Netty and Jack, in their early forties, are equally lonely: Netty in her illness, Jack in his futile attempts to ease her pain and make life more tolerable. Their joyless, hopeless existence is shattered with the arrival of 19-year old, charming, irresistible Tim, butcher's apprentice and mysterious "healer". With one stroke he cures Jack's eyesight, so Jack persuades him to stay with them and help Netty recover. Even though he is reluctant to start the 'treatment', Tim's presence brings excitement and hope into their life. For the reader, he appears to be a manipulator: "How can he joke around like this when he's just looked through her skin and into the most secret places of her body", Netty wonders as Tim "X-rays" her. We see how Tim's charm works on the family (he is 'a solid ball of pure sunshine they all orbit around'), but for a long time not the charm itself. Only when the narration shows a bit more about Tim's past and his "ability" – one he cannot control and which he regards more of a curse than a blessing –, and after the reader witnesses his compassion for Annette will it be possible not to see him as a freak, and recognize his humanness.
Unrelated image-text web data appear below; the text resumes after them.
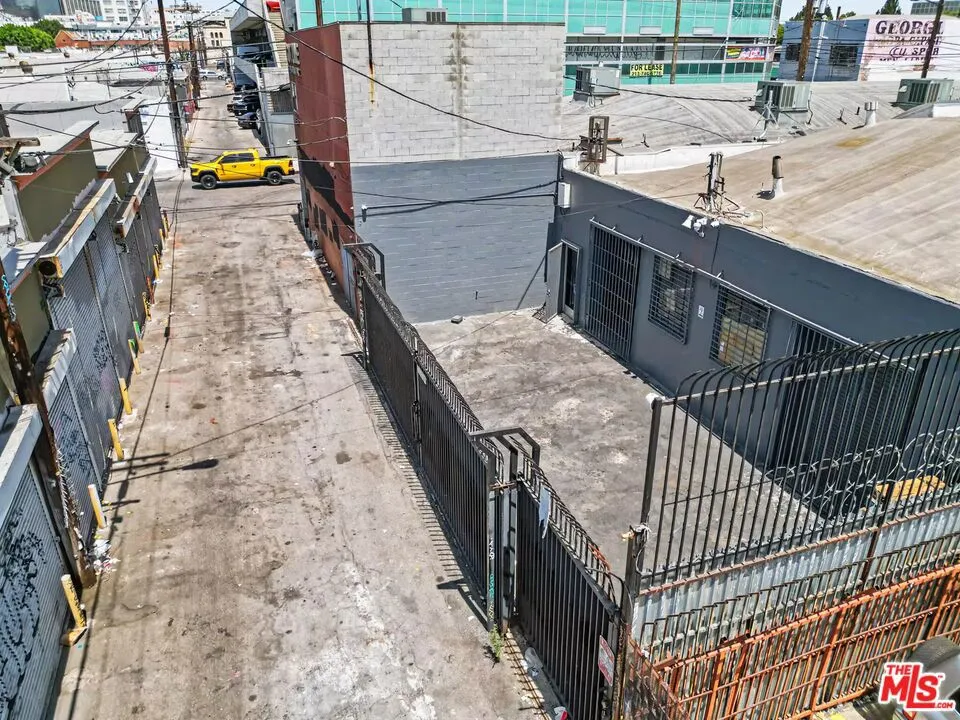 1507 Maple Avenue Los Angeles, CA 90015
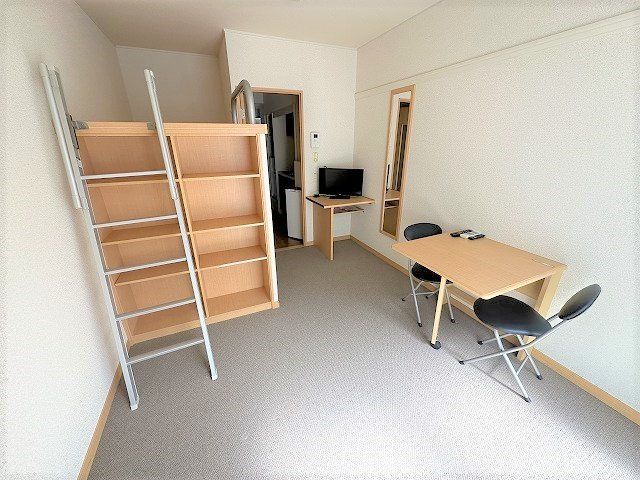 居室・リビング　「同タイプの部屋の写真です」「現況優先」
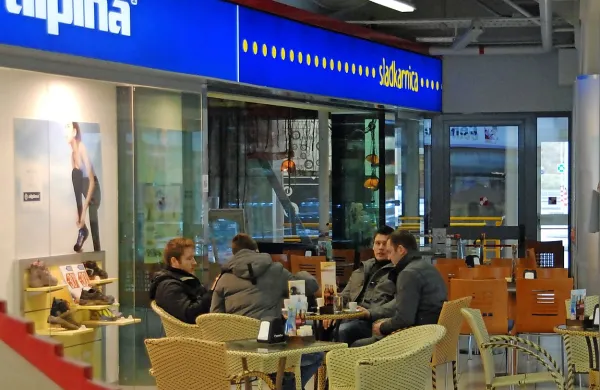 Sladkarnica v Mercatorjevem centru v Kromberku se je med hujšimi kršitelji znašla zaradi banalnega razloga - ....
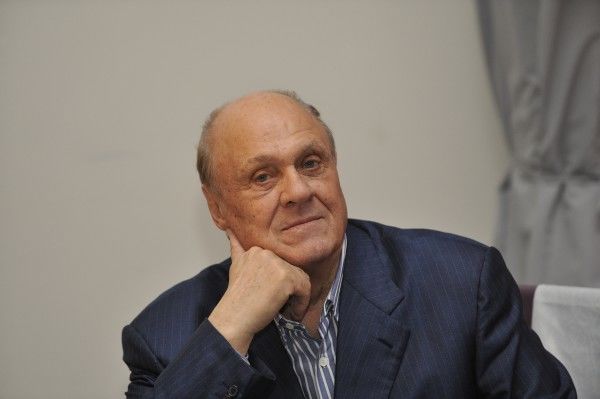 Владимир Меньшов и Алексей Чадов сыграют в фильме о Донбассе.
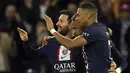 Penyerang Paris Saint Germain (PSG) Neymar berselebrasi dengan Lionel Messi dan Kylian Mbappe setelah mencetak gol ketiga timnya ke gawang Maccabi Haifa pada dalam matchday kelima Grup H Liga Champions 2022/23 di Parc des Princes, Rabu (26/10/2022) dinihari WIB.  PSG sukses membantai Maccabi Haifa dengan skor mentereng 7-2. (AP Photo/Christophe Ena)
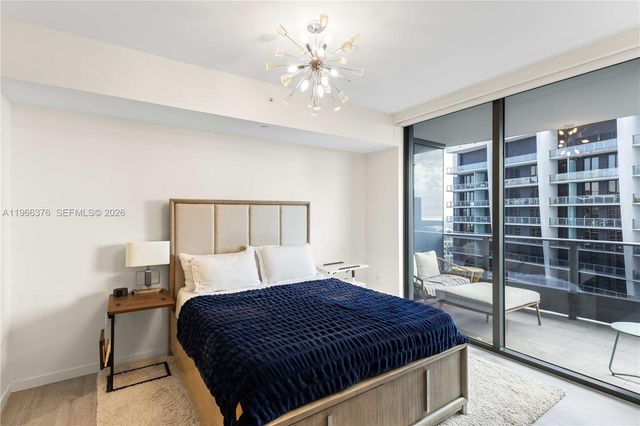 1000 Brickell Plz 4605, Miami, FL 33131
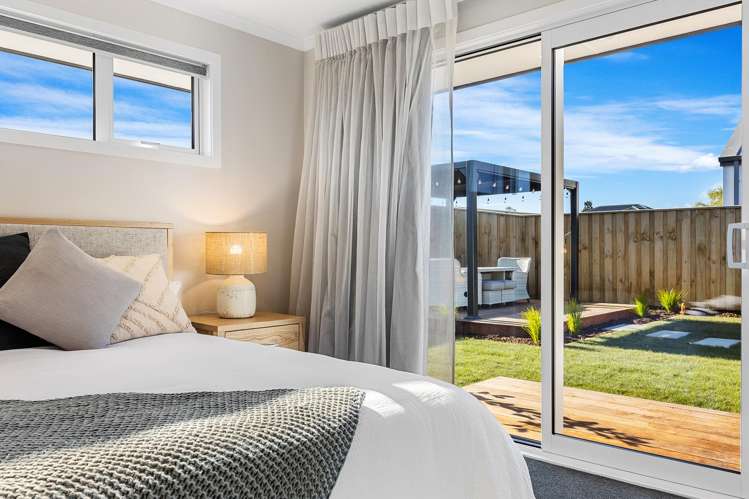 8 Strowan Avenue Elgin_7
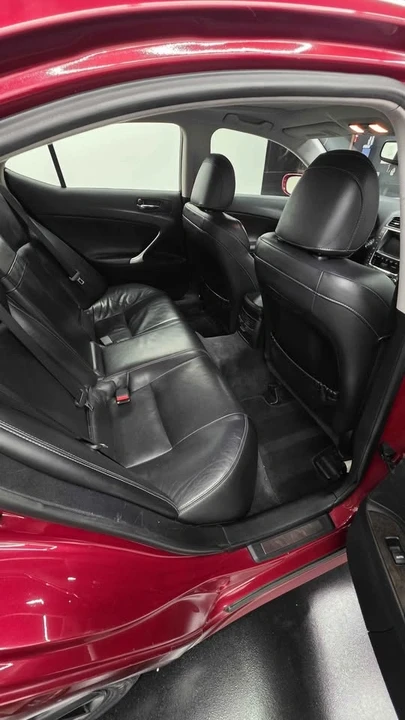 2011 Lexus IS 2nd Gen - Image 4 of 7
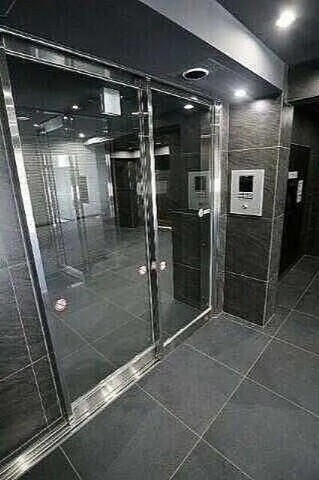 エスファルベ中野松が丘アネックス1階 エントランス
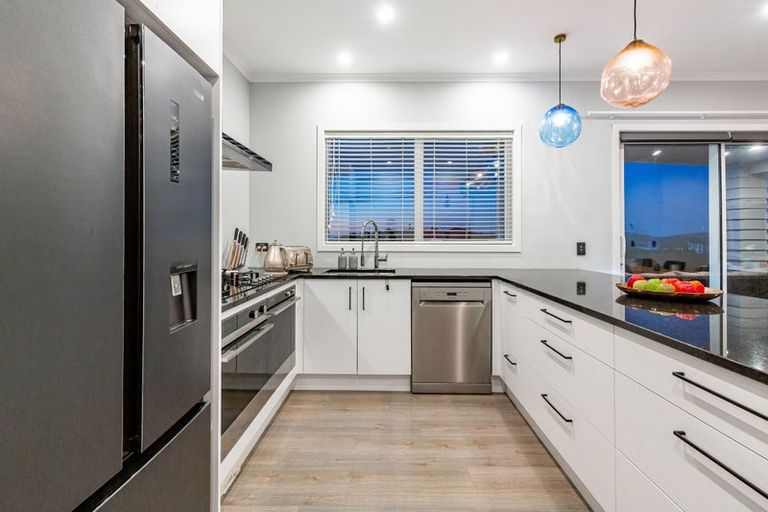 Photo of property in 3 Okataina Way, Aotea, Porirua, 5024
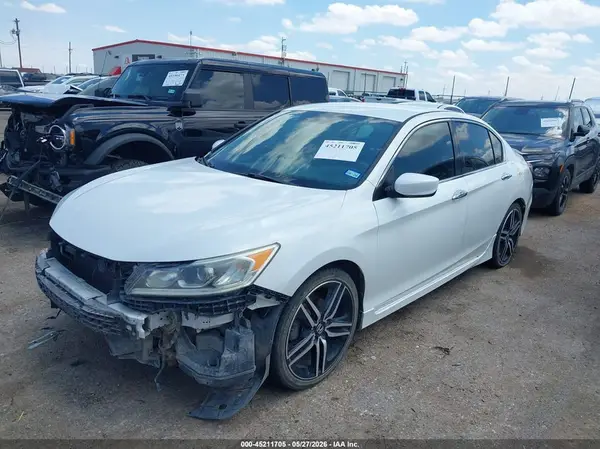 1HGCR2F55HA297646 2017 HONDA ACCORD - Image 2
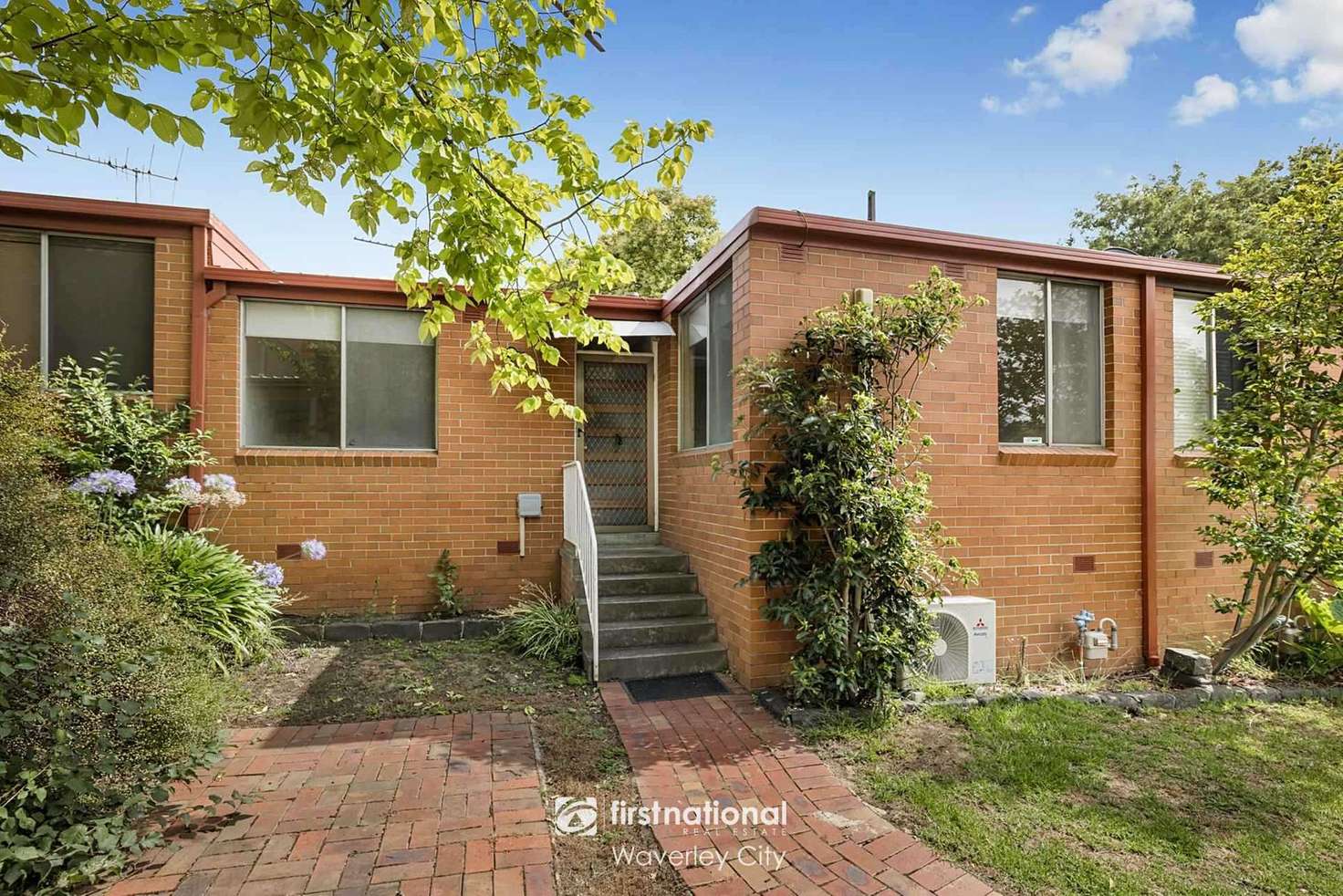 Main view of Homely unit listing, 2/24 Shirley Avenue, Glen Waverley VIC 3150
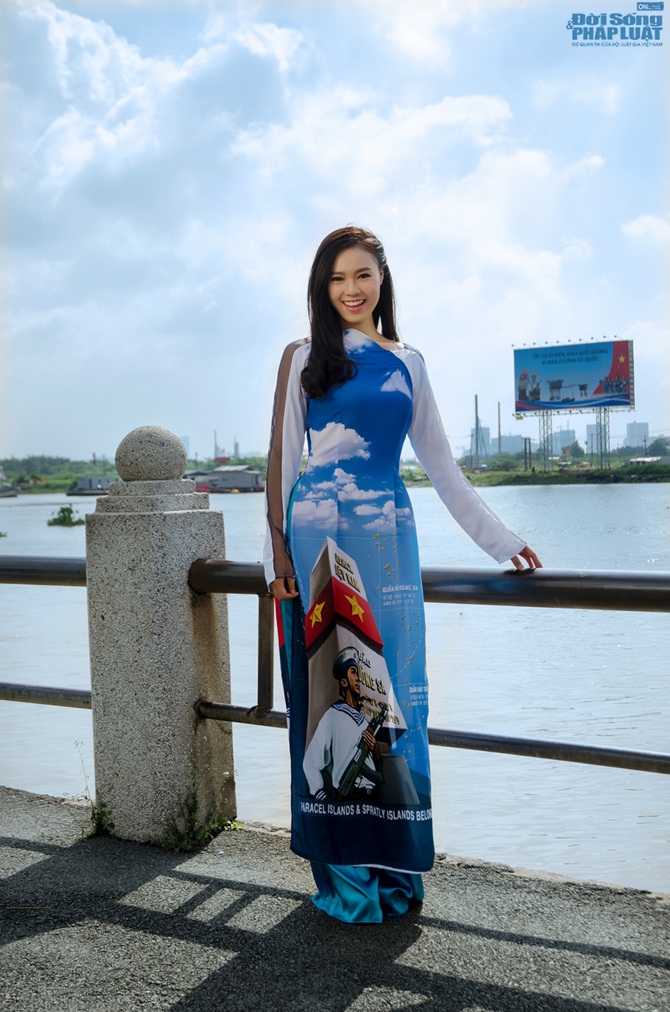  Lan Ngọc, Lê Phương diện áo dài hướng về biển đảo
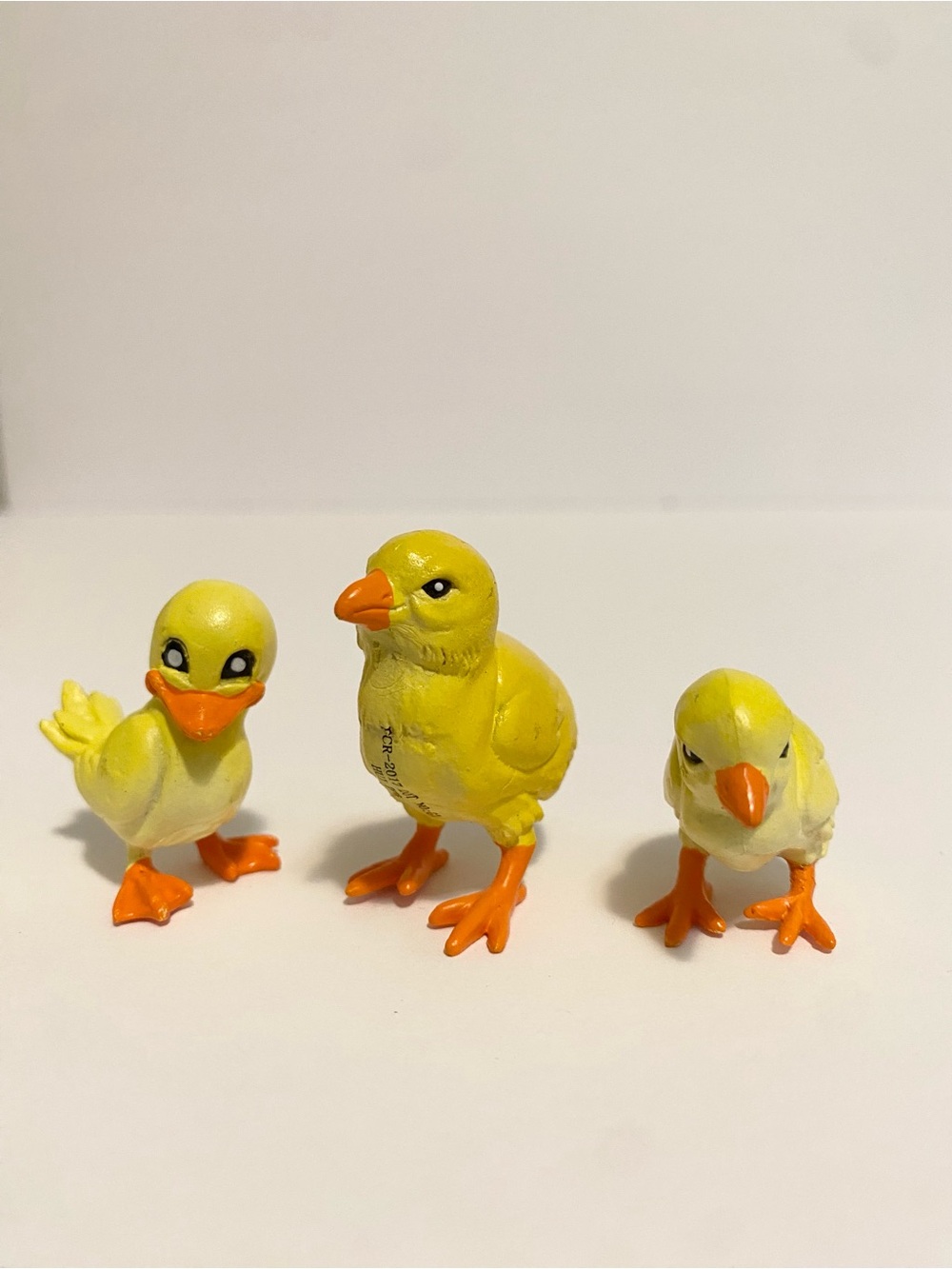 Baby Chick Chicken Bird Yellow Figure Realistic Farm Barn Toy Vintage 4/$20 🛑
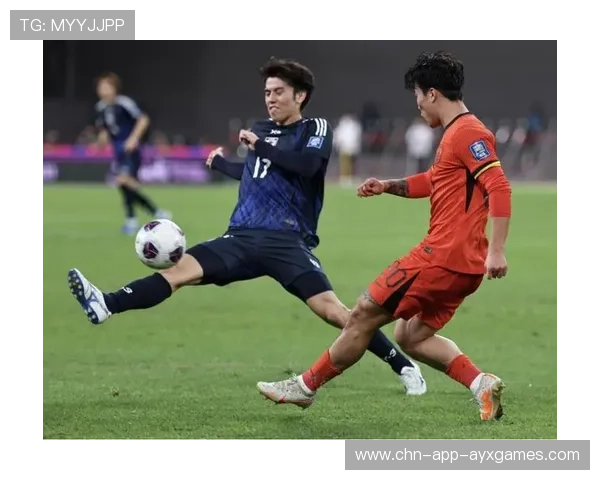 球队进行高强度小组对抗，教练强调拼抢意识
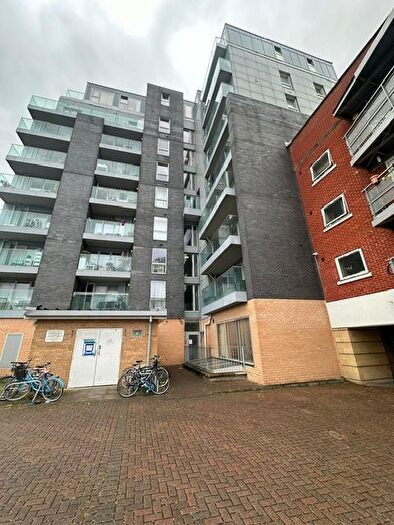 2 Bedroom Flat To Rent In Apartment, Theatro Tower, Creek Road, London, SE8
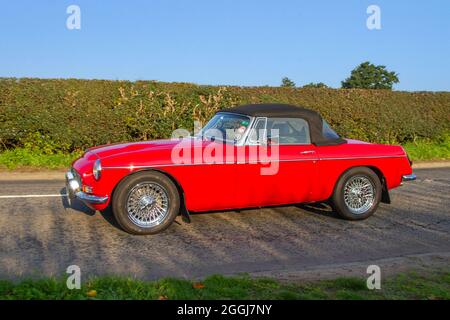 1968 60s sessanta rosso MG C 2912cc britannico cabrio a due porte, in rotta per la mostra d'auto classica di agosto di Capesthorne Hall, Cheshire, Regno Unito Foto Stock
The two parallel story lines and time frames allow the author to investigate subjects such as belonging, intrusion, family and loneliness, illness and healing. There are scenes mirroring each other, the most memorable at the beginning and end of the book: the eerily beautiful moments of returning to awareness, and regaining language, and of letting it go again. The rich layers of the book invite different interpretations: the book can be seen as a modern retelling of the myth of Baucis and Philemon, but also as a belated coming-of age-story for Annette: healing from her traumas, she can finally leave her dependent, child-like old self behind.
Nature and landscape are another unforgettable aspect of the novel: the salt marsh of Morecambe Bay will be engraved in the mind of the reader, just like the mesmerizing image of the two sycamores as they slowly devour the whole of the house. This all exudes a bleak, sombre atmosphere, sometimes reminiscent of Wuthering Heights in its savagery (the scene of the dead rabbits creates an actual link between the two texts). Yet empathy ultimately overrides cruelty: the gentle narrative voice, full of sorrow for things which cannot be undone, emphasizes forgiveness, and underlines the redeeming power of compassion.